- [Task instructions]: What you give back from the listing below should be an exact copy of the lines from the one with "Grilled chicken nuggets" down to the one with "Terence Hill appoggiato", and it should contain no pictures.

- [Source data]:
....................
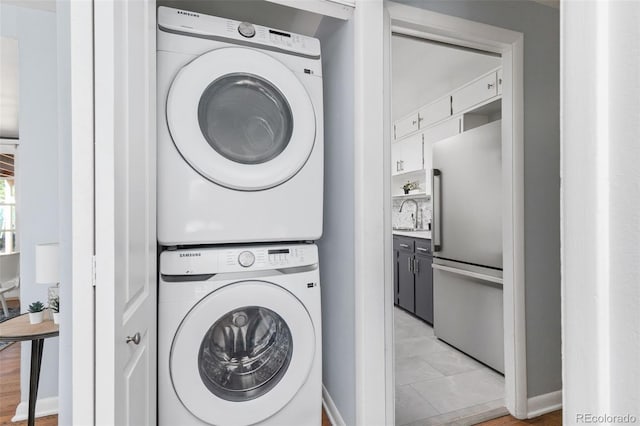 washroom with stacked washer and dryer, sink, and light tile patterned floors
....................
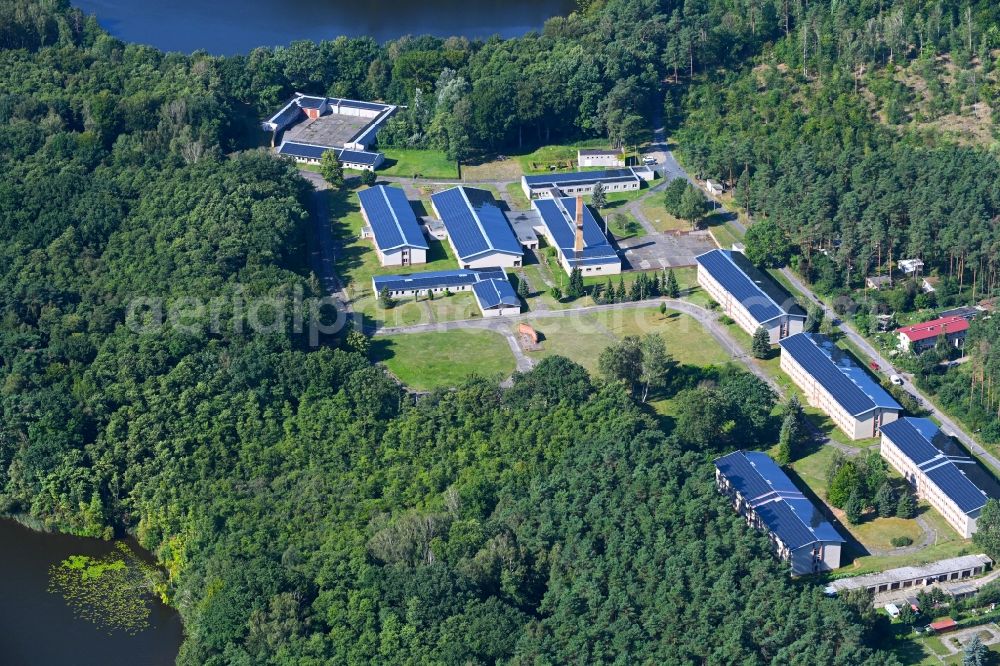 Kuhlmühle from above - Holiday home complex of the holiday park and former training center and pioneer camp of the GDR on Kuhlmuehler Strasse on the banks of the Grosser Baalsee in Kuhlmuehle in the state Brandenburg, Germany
....................
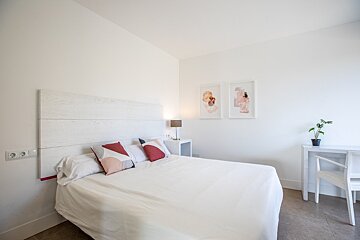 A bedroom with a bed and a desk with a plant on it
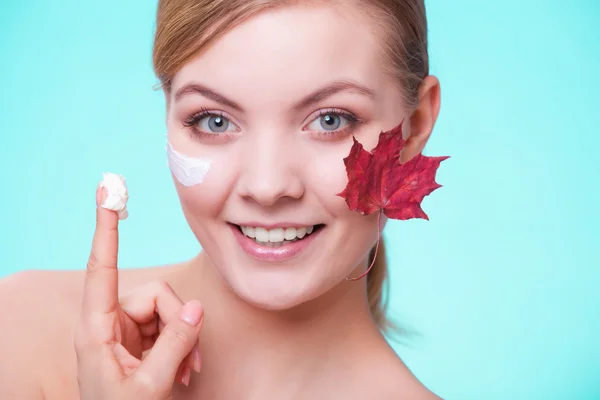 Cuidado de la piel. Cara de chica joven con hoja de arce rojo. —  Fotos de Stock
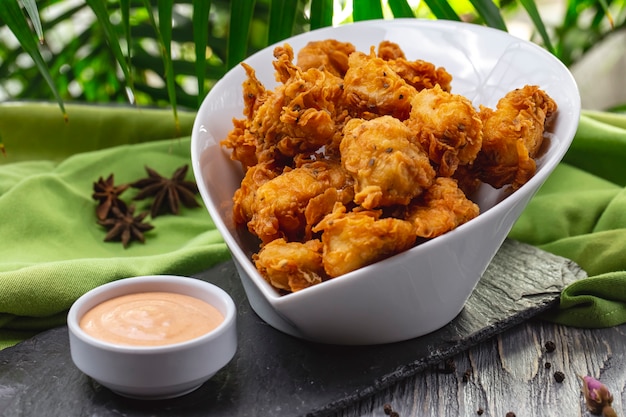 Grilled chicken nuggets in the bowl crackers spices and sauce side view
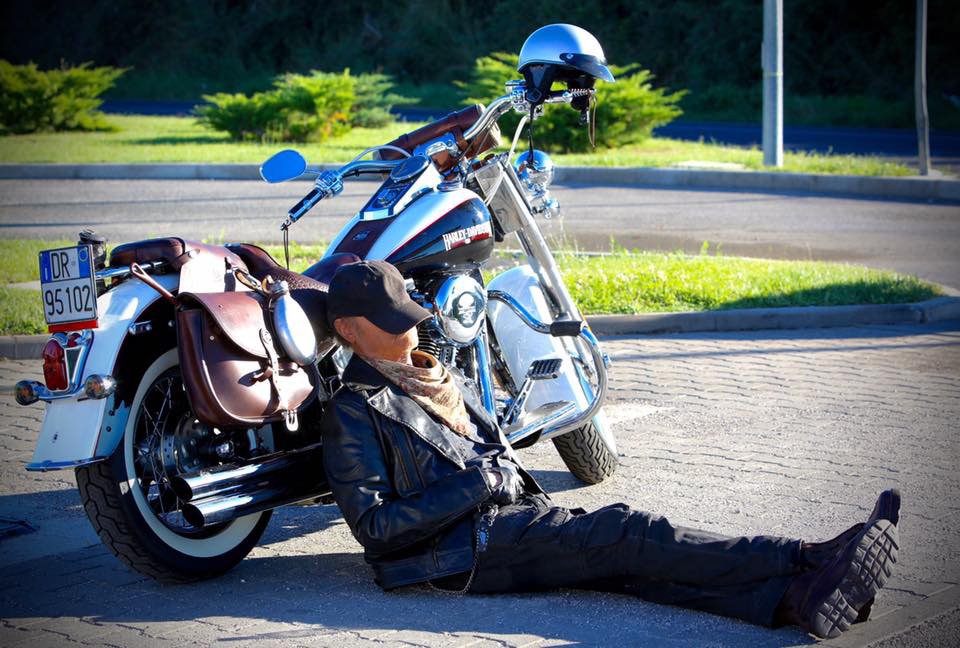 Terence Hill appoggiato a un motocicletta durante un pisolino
....................
- [Written answer]:
 Grilled chicken nuggets in the bowl crackers spices and sauce side view
 Terence Hill appoggiato a un motocicletta durante un pisolino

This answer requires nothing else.